Instructions for the task: Verbatim copy, images omitted: return the full listing.
:: Given material ::
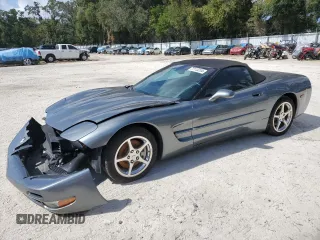 2004 Chevrolet Corvette with VIN 1G1YY32G945124387, listed as a Copart auction lot 77113234 with 59,985 mi miles and Salvage Title. Bid and sale history available at carsss.com. Image 1.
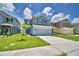 Two-story home featuring well-manicured lawns and complementary landscaping at 1476 Leamington Lane, Winter Haven, FL 33884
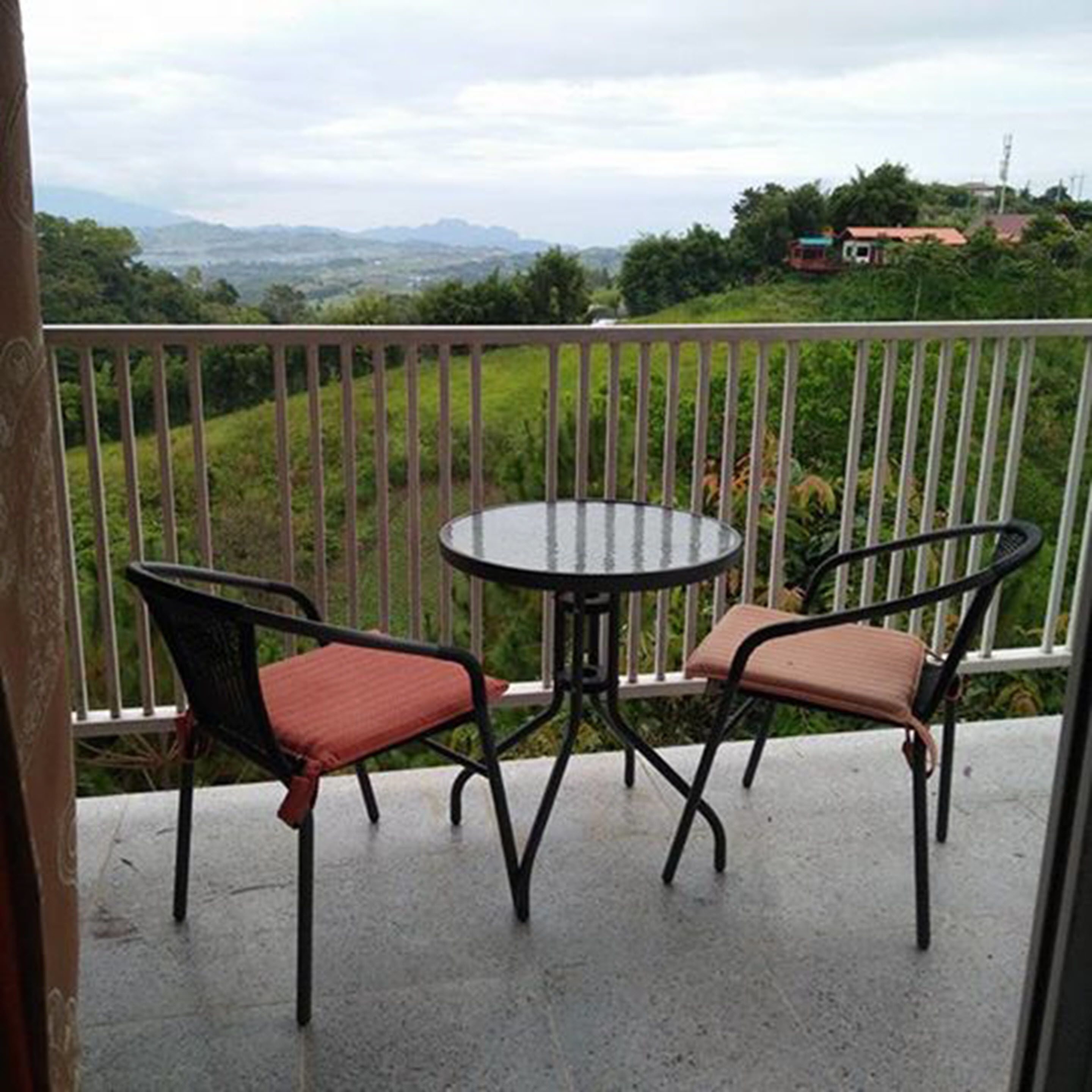 A balcony with two chairs and a table, overlooking a green landscape with distant hills.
:::
Answer to this problem:
 2004 Chevrolet Corvette with VIN 1G1YY32G945124387, listed as a Copart auction lot 77113234 with 59,985 mi miles and Salvage Title. Bid and sale history available at carsss.com. Image 1.
 Two-story home featuring well-manicured lawns and complementary landscaping at 1476 Leamington Lane, Winter Haven, FL 33884
 A balcony with two chairs and a table, overlooking a green landscape with distant hills.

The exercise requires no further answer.